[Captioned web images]
──────────────────────────────

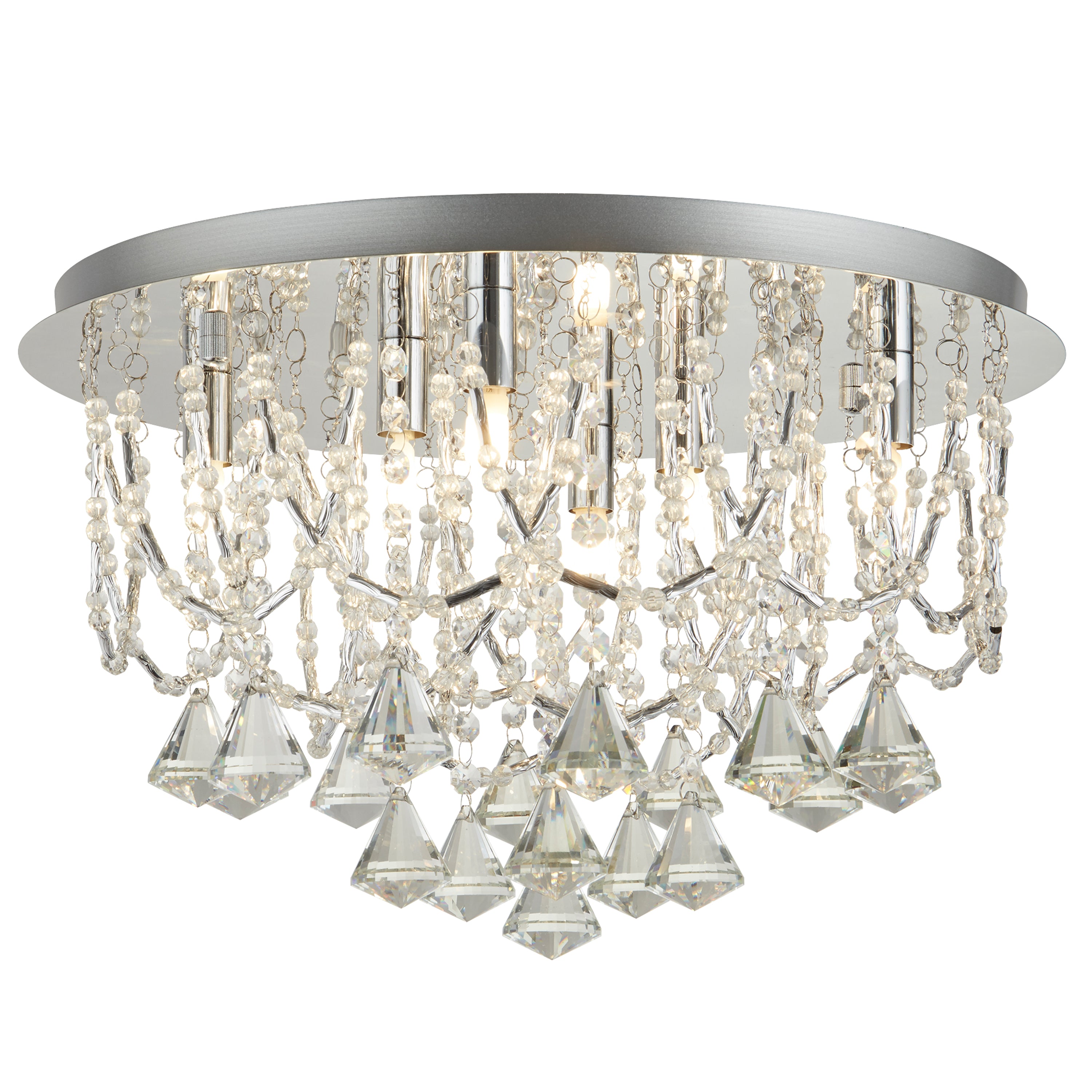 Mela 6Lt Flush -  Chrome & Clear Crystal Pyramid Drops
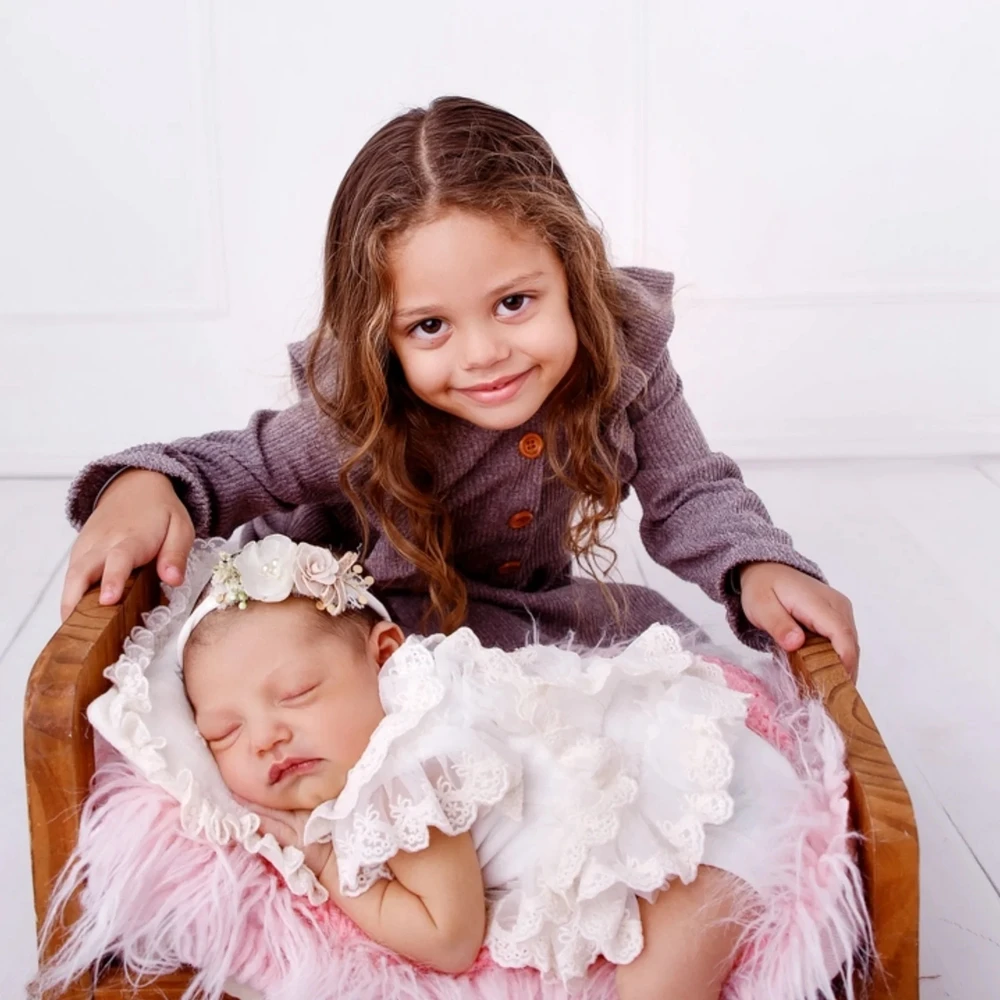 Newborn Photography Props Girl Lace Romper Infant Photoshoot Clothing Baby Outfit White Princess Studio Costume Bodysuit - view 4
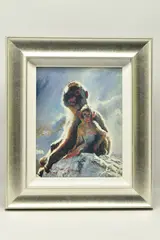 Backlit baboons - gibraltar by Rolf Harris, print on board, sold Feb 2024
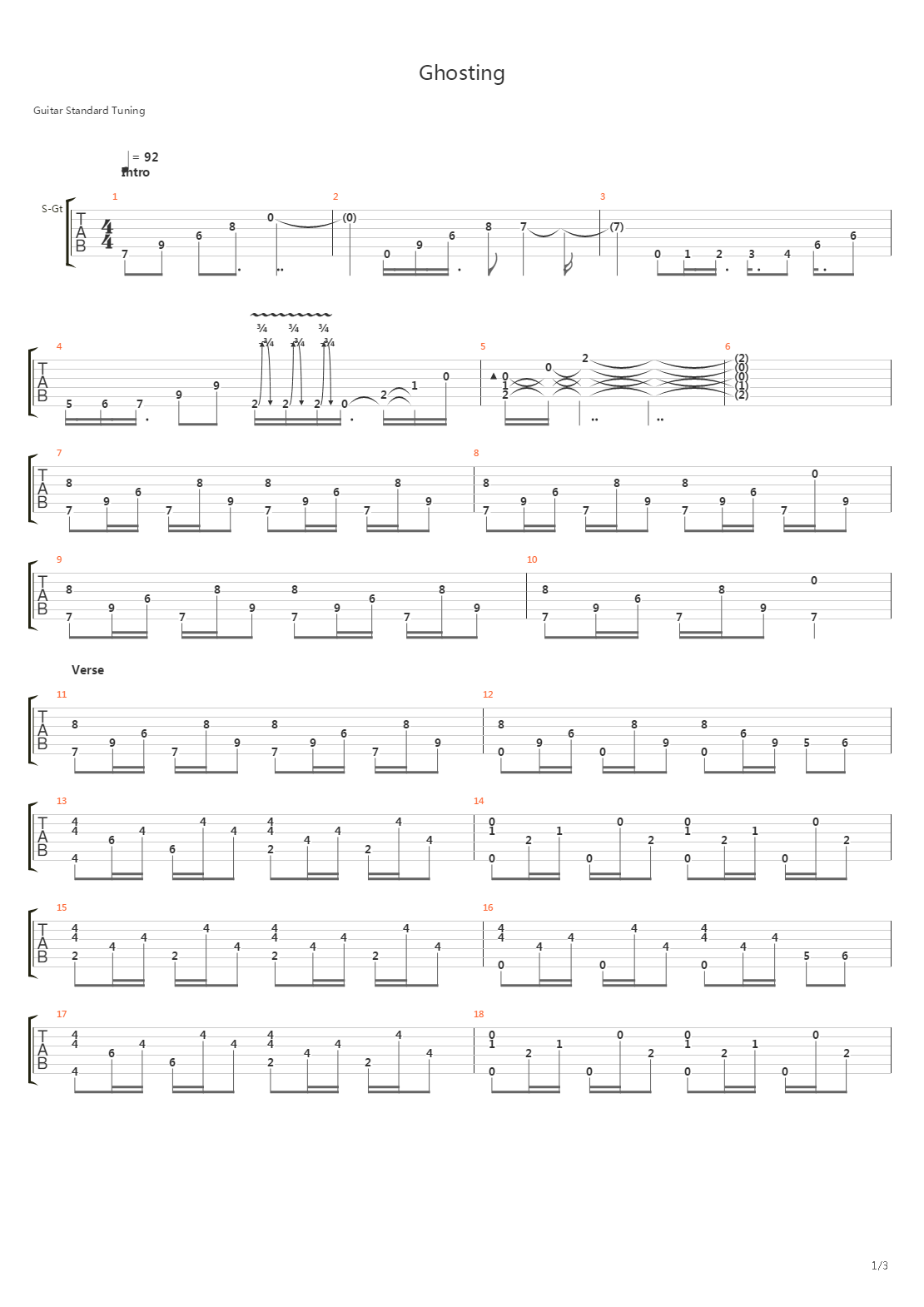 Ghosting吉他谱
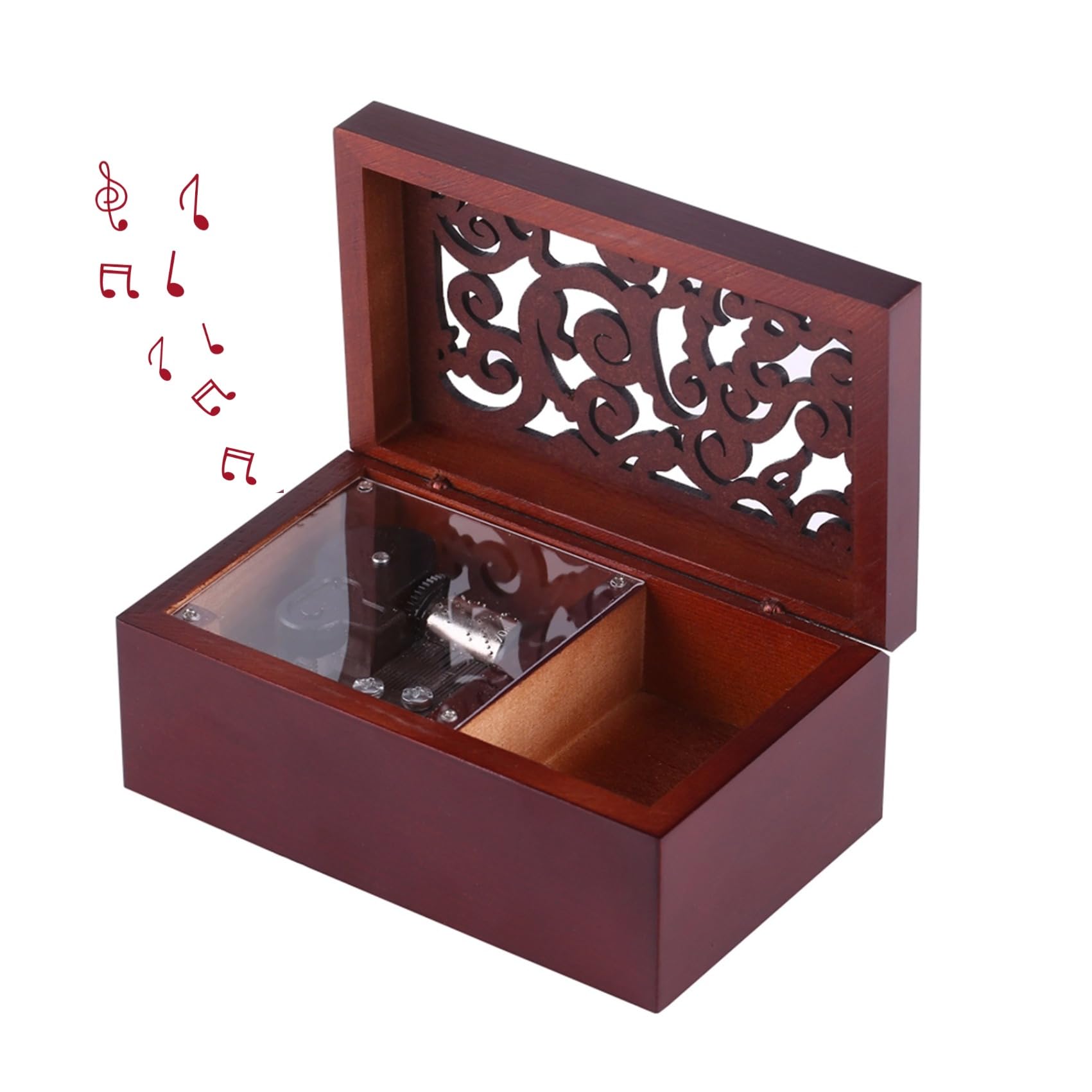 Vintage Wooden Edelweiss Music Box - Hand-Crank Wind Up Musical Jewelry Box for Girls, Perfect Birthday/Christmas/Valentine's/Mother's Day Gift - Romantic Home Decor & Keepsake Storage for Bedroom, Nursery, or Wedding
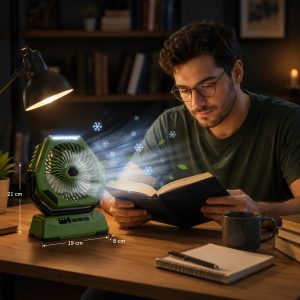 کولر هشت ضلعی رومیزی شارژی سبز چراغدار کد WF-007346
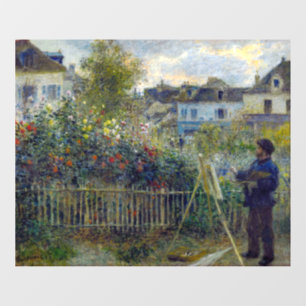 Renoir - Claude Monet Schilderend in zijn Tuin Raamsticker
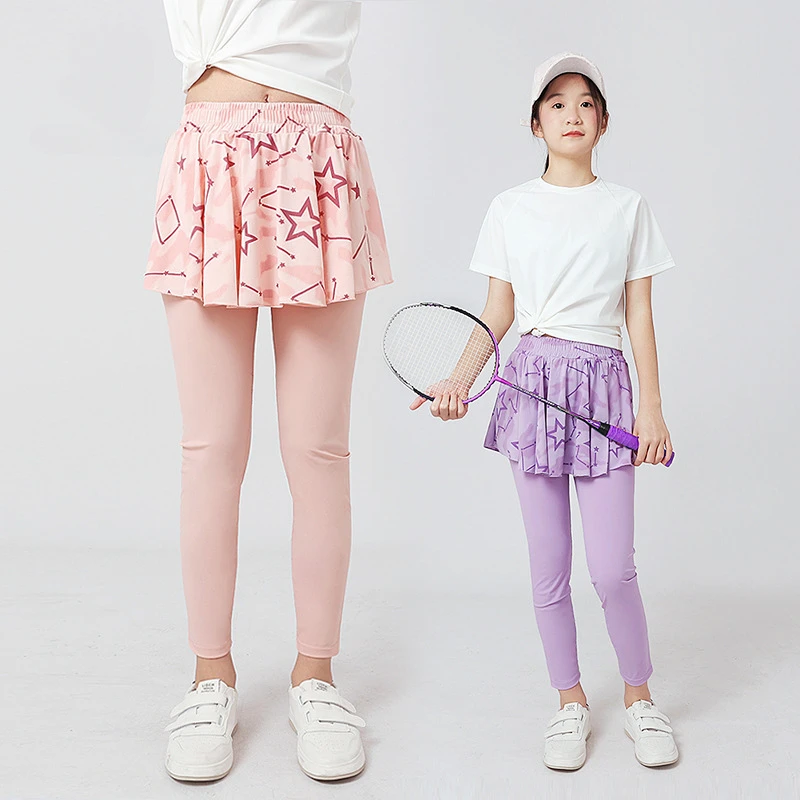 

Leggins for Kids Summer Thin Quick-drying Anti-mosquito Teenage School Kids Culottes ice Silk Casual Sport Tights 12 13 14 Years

──────────────────────────────

* TASK BRIEF
When the line containing "Vintage Wooden Edelweiss" has been located, retype it and each line after it through the end of the records, excluding the pictures and adding nothing else.

* RESPONSE
 Vintage Wooden Edelweiss Music Box - Hand-Crank Wind Up Musical Jewelry Box for Girls, Perfect Birthday/Christmas/Valentine's/Mother's Day Gift - Romantic Home Decor & Keepsake Storage for Bedroom, Nursery, or Wedding
 کولر هشت ضلعی رومیزی شارژی سبز چراغدار کد WF-007346
 Renoir - Claude Monet Schilderend in zijn Tuin Raamsticker

Leggins for Kids Summer Thin Quick-drying Anti-mosquito Teenage School Kids Culottes ice Silk Casual Sport Tights 12 13 14 Years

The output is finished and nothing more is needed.